Parishioners of Our Lady of Remedy Church in Kandivli want their dead to be left alone. On Monday, they staged a silent protest near the church against the Brihanmumbai Municipal Corporation's (BMC) plan to take over a portion of its cemetery to widen the adjacent SV Road.
Sizing it up: Lawrence Fernandes, deanery counsellor for Bombay Catholic Sabha, shows the spot till where the BMC plans to acquire the cemetery. Pics/Datta Kumbhar
The church is a 400-year-old Grade II heritage structure, has a cemetery on its premises. Grade II heritage structures are local landmarks, which contribute to the image and identity of the region.
The Poisar church, as it is more popularly known, is flanked by a market, with the Poisar bus depot bang opposite it.
Simmering since '13
The protest was the culmination of three years of tussle between the church and the BMC. The civic body had in 2013 issued a public notice, stating that the regular line of SV Road had been changed and that it planned to widen the road to its original width of 90 ft. The BMC also sought to improve and widen a neighboring road, leading to the subway, belonging to the development plan department. Altogether, the church, a chawl and the market were to be affected. The BMC asked people to respond to the notice. After the church made a representation before the officials concerned, the matter went into cold storage.
Putting up a fight: Parishioners of Our Lady of Remedy Church in Kandivli take out a silent protest against the BMC’s acquisition plan.
The BMC picked up the issue again in February this year. It issued a notice to the church, along with other structures due to be affected by the road widening, under Section 299 (acquisition of open land or of land occupied by platforms within the regular line of a street) of the Mumbai Municipal Corporation (MMC) Act. The notice, signed by Deputy Municipal Commissioner Ashok Khaire, states that a portion of the church — roughly 7 metres into its cemetery — is required for the widening work. Church trustees then wrote to the BMC on the issue, but when nothing worked, they carried out a silent protest.
"The reservation and the ensuing public notice itself is illegal," alleged Alfie Quinny, a trustee. "The regular line was changed in the BMC plans in May 2013, but the public notice was issued in July. They had decided to extend the regular line beforehand."
Fr Jon D'Souza, parish priest and trustee, demanded that the BMC ask other properties to give up their land, too. "The church has given away land for public use from time to time. If they want to widen this road, they should do so from both sides," he said.
Lawrence Fernandes, deanery counsellor for Bombay Catholic Sabha, said BMC's plan has hit a raw nerve. "The cemetery has the graves of our ancestors. It is a matter of religious sentiments. Besides, we have a cross here that will have to be moved. We plan to knock on court's doors."
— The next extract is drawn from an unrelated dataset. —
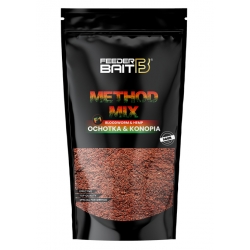 Feeder Bait F1 Mix - Ochotka & Konopia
Deputy Municipal Commissioner Ashok Khaire said the regular line was decided by the traffic and development plan departments, taking into account the traffic in the area. "The acquisition is for the widening of an important road. The MMC Act stipulates that the BMC can go ahead with the acquisition. As per the rules, the property owner will be given development rights in return." Khaire said the heritage committee has granted permission to move the cross. He said other properties, too, will be subjected to a similar acquisition process. Around 12 stalls in the market have been removed already. Officials undertook a demolition drive in the neighbouring chawl last Wednesday.